Jesus sabe que o caminho para Deus não passa pela acumulação egoísta de bens e frisa que o seu alimento, ou seja, a sua prioridade, é a Palavra de Deus. Esta tentação nos faz lembrar também do momento em que Cristo estava na cruz. Naquela hora ele também foi convidado a realiza um milagre em proveito próprio, sendo desafiado a descer da cruz: “Se és Filho de Deus, desce da cruz” (Mt 27,40). Caso Jesus tivesse descido da cruz, seria um vitorioso diante dos homens, mas não diante de Deus.

Depois, na segunda tentação, o diabo mostra a Jesus todos os reinos da terra e diz: “Eu te darei todo este poder e toda a sua glória, porque tudo isso foi entregue a mim e posso dá-lo a quem eu quiser. Portanto, se te prostrares diante de mim em adoração, tudo isso será teu” (v. 6-7). E Jesus responde: “A Escritura diz: ‘Adorarás o Senhor teu Deus, e só a ele servirás’” (v.8; cf. Dt 6, 13).  Trata-se da adoração do poder, que Jesus recusou seguir.

Por fim, na terceira e última tentação, o diabo propõe a Jesus que realize um outro milagre: Lançar-se dos altos muros do Templo e fazer-se salvar pelos anjos, de modo que todos acreditassem nele. Mas Jesus responde que Deus nunca deve ser posto à prova. Jesus responde a esta proposta citando Dt 6,16, que manda “não tentar” o Senhor Deus (v. 12).  Ao contrário do que aconteceu com Adão e Eva no paraíso terrestre (cf. Gn 3), e de modo diferente do povo de Deus no deserto (cf. Ex 16-17; Dt 8), Jesus resiste à tentação e triunfa sobre o maligno.

No núcleo dessas três tentações que Jesus sofre está a proposta de instrumentalizar Deus, de usá-lo para os próprios interesses, glória e sucesso. E, portanto, de se colocar no lugar de Deus, removendo-o da sua existência e fazendo-o parecer supérfluo. O texto bíblico nos mostra que entre Jesus e o diabo há a Palavra de Deus.  E fazendo referência à Sagrada Escritura, Jesus antepõe aos critérios humanos o único critério autêntico: a obediência, a conformidade com a vontade de Deus, que é o fundamento do nosso ser. Também este é um ensinamento fundamental para nós: se trouxermos na mente e no coração a Palavra de Deus, poderemos rejeitar qualquer gênero de engano do tentador.

Na história, houve multidões de homens e mulheres que escolheram imitar o Cristo que se retira ao deserto, como os monges e eremitas. Eles escolheram um espaço no deserto; nós devemos escolher ao menos um tempo de deserto. Passar um tempo de deserto significa fazer um pouco de vazio e de silêncio ao nosso redor; reencontrar o caminho do nosso coração, subtrair-nos das agitações e dos chamados externos, a fim de entrar em contato com as fontes mais profundas de nosso ser e de nosso crer.

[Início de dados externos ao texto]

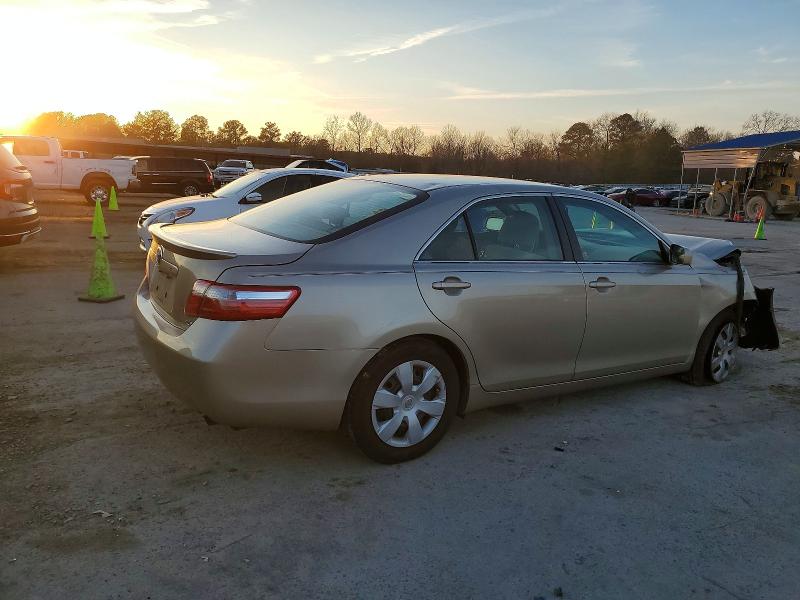 Photo 3 from auction – 2009 TOYOTA CAMRY BASE with VIN 4T1BE46K59U393442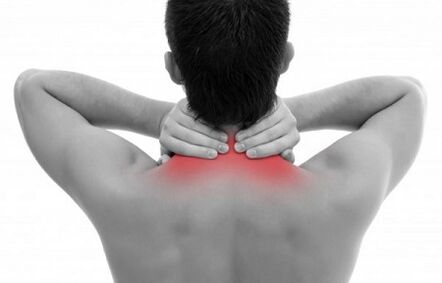 Pirmieji gimdos kaklelio osteochondrozės požymiai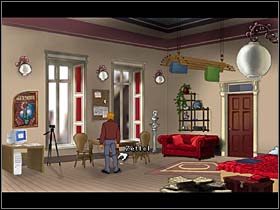 3 - Rue Jarry #2 | Paryż | Broken Sword 2,5 The Return of the Templars - Broken Sword 2,5: The Return of the Templars - poradnik do gry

Quaresma é tempo de renovação espiritual, de conversão interior e de renovação da vida. É um tempo propício para revermos a nossa vida e redescobrirmos a fé em Deus. Isto comporta sempre uma luta, um combate espiritual, porque o espírito do mal naturalmente se opõe à nossa santificação e procura desviar-nos do caminho de Deus. Por esta razão, no primeiro domingo da quaresma, todos os anos é proclamado o Evangelho das tentações de Jesus no deserto.  Somos continuamente chamados a lutar contra a tentação do demônio usando as armas da fé, ou seja, a oração, a escuta da Palavra de Deus e a penitência, que deve nos acompanhar ao longo desse nosso itinerário quaresmal. Também o cristão, cuja existência é guiada pelo mesmo Espírito recebido no Batismo e na Confirmação, é chamado a enfrentar o quotidiano combate da fé, sustentado pela graça de Cristo.

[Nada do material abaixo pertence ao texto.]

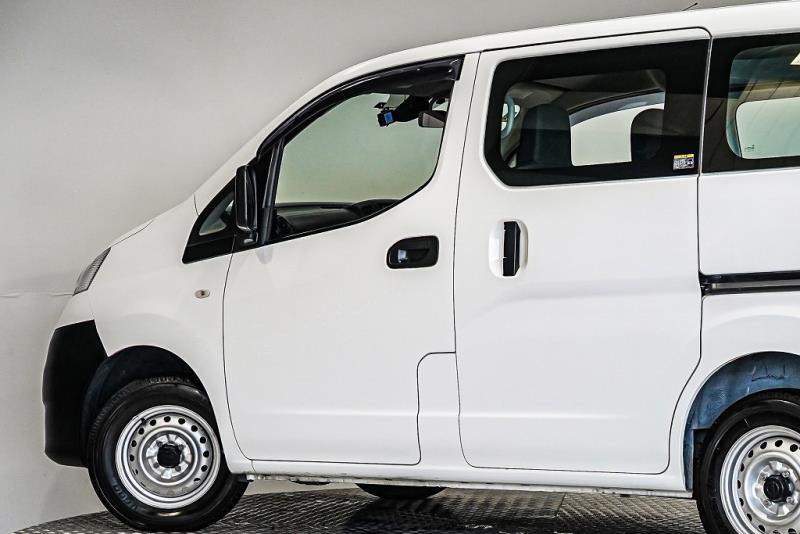 2020 Nissan NV200 / Vanette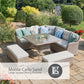 Monte Carlo Sand Large Square Dining Modular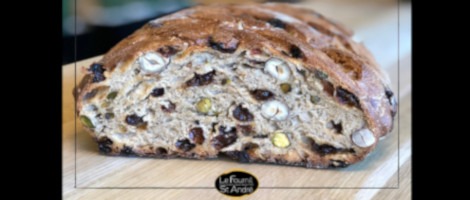 La franchise Le Fournil Saint André est présente sur AC Franchise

Por conseguinte, não tenhamos receio de enfrentar, também nós, o combate contra o espírito do mal. Saibamos agir como o Cristo Senhor, soube vencer as tentações para estar unicamente a serviço do Pai. E para que também nós possamos seguir o seu exemplo, peçamos a intercessão da Virgem Maria, a quem invocamos com confiança filial, para que possamos, na hora da provação, afastarmos as tentações com a Palavra de Cristo, e deste modo voltarmos a colocar Deus no centro da nossa vida. Assim seja.